*Records for this task*.
-----

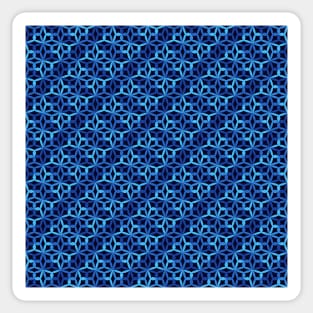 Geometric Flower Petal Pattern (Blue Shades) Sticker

-----

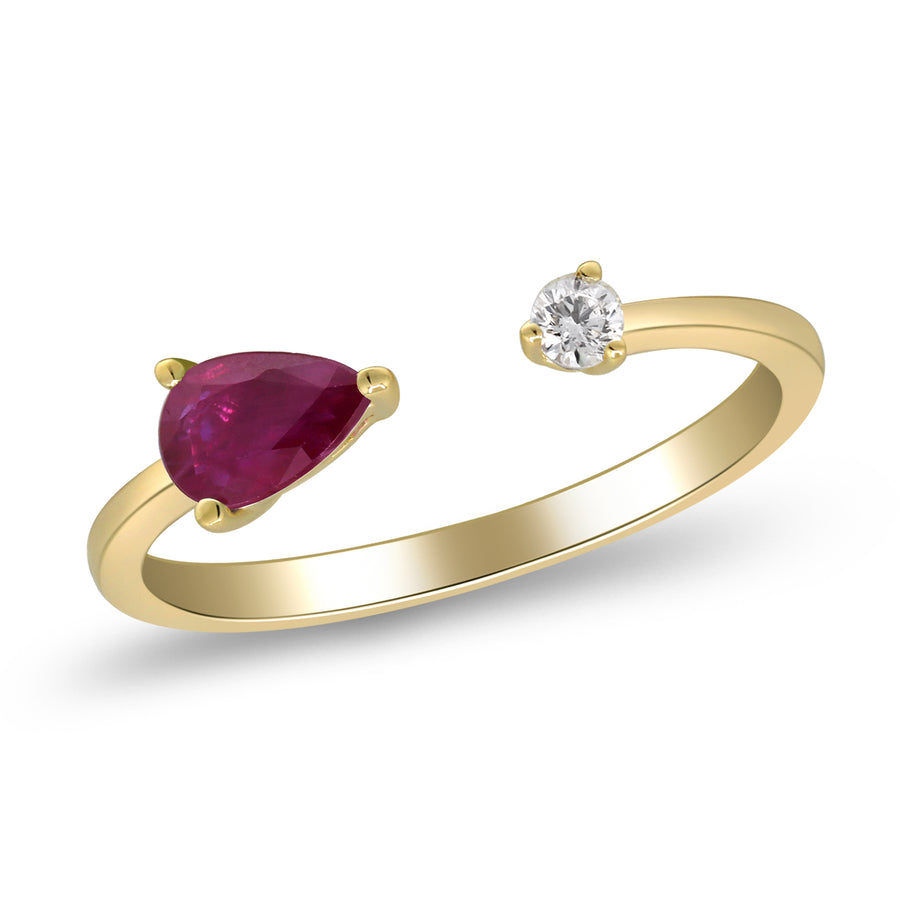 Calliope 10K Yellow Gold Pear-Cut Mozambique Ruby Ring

-----

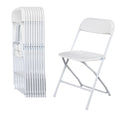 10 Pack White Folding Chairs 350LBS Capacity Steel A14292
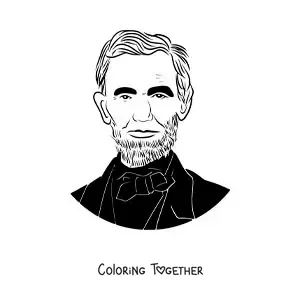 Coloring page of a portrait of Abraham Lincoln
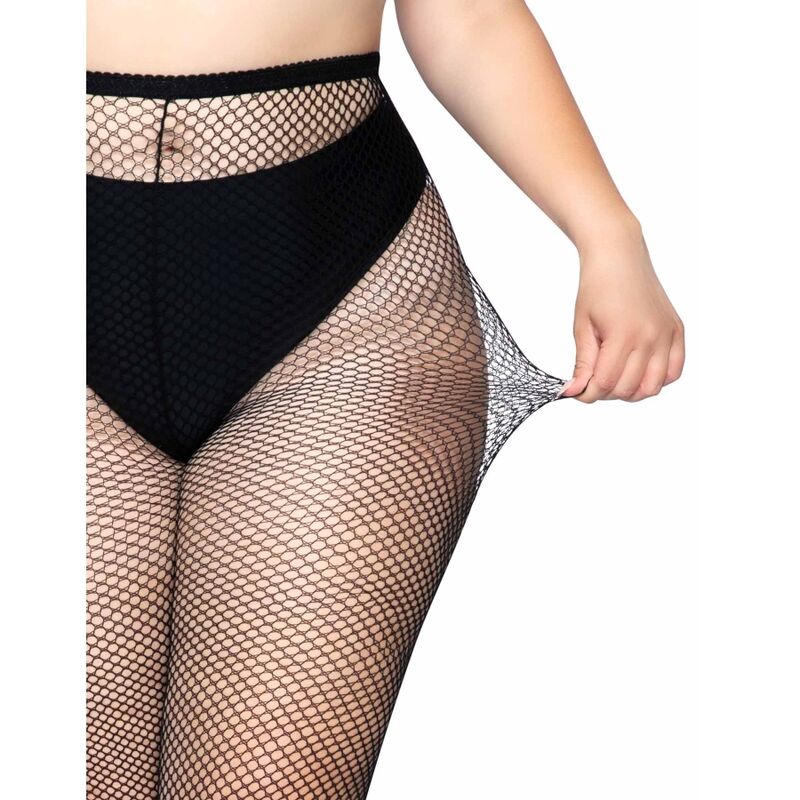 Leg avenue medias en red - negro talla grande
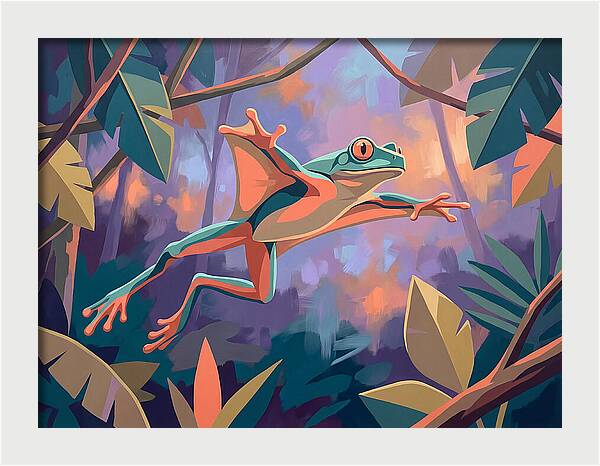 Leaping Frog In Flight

-----

In the records above, find the line with "10 Pack White" and the line with "Leaping Frog In Flight". Write out exactly those lines and every one between, with no pictures and no other lines.

 10 Pack White Folding Chairs 350LBS Capacity Steel A14292
 Coloring page of a portrait of Abraham Lincoln
 Leg avenue medias en red - negro talla grande
 Leaping Frog In Flight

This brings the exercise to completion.